• **TASK INSTRUCTIONS**
The part below that opens with the line containing "Un 'Ave María'" and closes with the line containing "Small Abandoned Planes" should be copied exactly, minus any pictures.

[[ SUPPLIED INFORMATION, beginning ]]

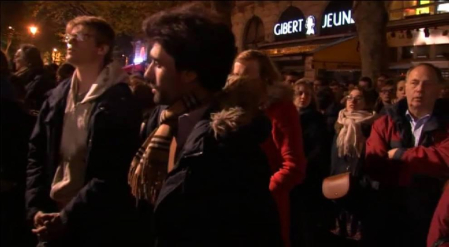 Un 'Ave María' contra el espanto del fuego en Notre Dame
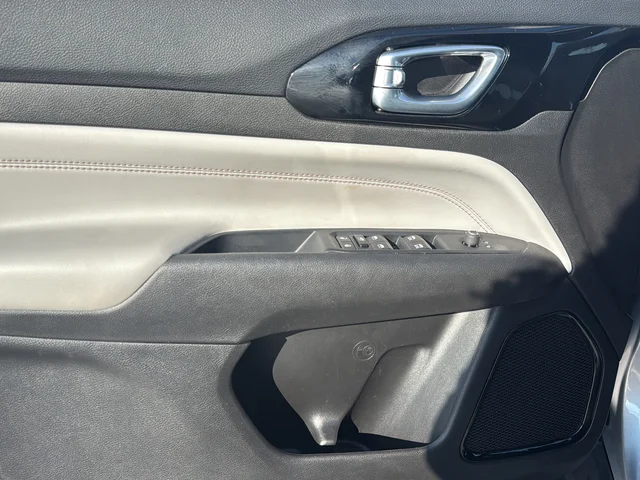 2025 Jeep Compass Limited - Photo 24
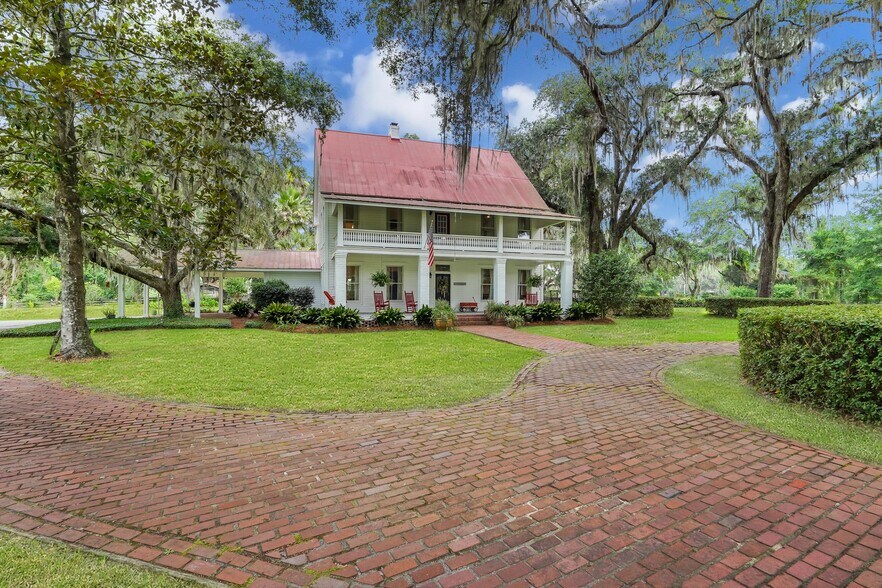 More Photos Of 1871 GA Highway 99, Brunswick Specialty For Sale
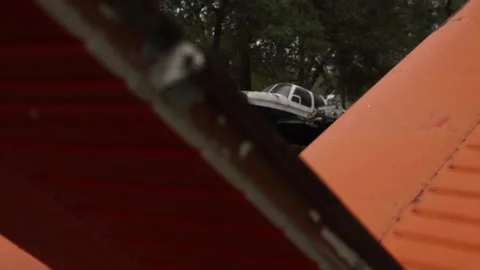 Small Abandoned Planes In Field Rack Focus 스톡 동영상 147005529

[[ SUPPLIED INFORMATION, end ]]
[[ SUPPLIED INFORMATION, beginning ]]

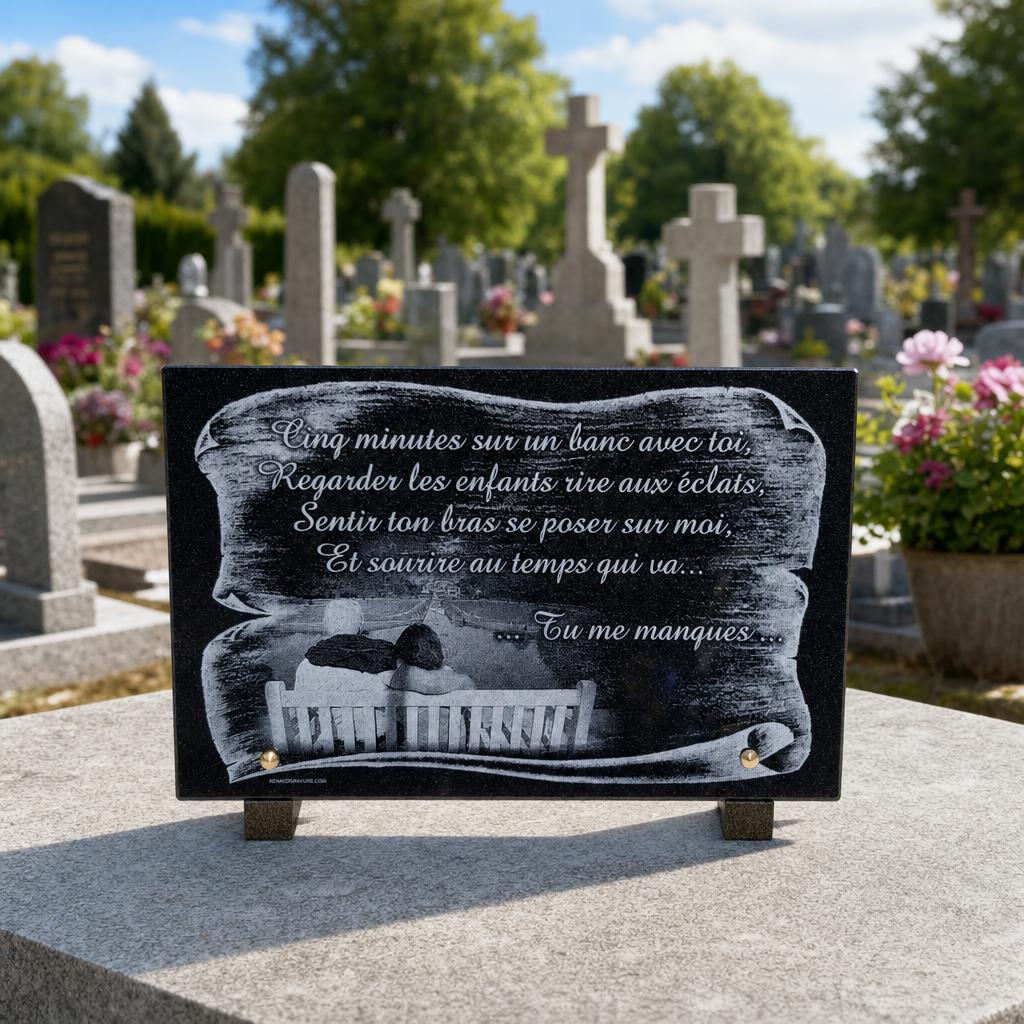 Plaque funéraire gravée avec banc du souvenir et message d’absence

[[ SUPPLIED INFORMATION, end ]]

• **TASK OUTPUT**
 Un 'Ave María' contra el espanto del fuego en Notre Dame
 2025 Jeep Compass Limited - Photo 24
 More Photos Of 1871 GA Highway 99, Brunswick Specialty For Sale
 Small Abandoned Planes In Field Rack Focus 스톡 동영상 147005529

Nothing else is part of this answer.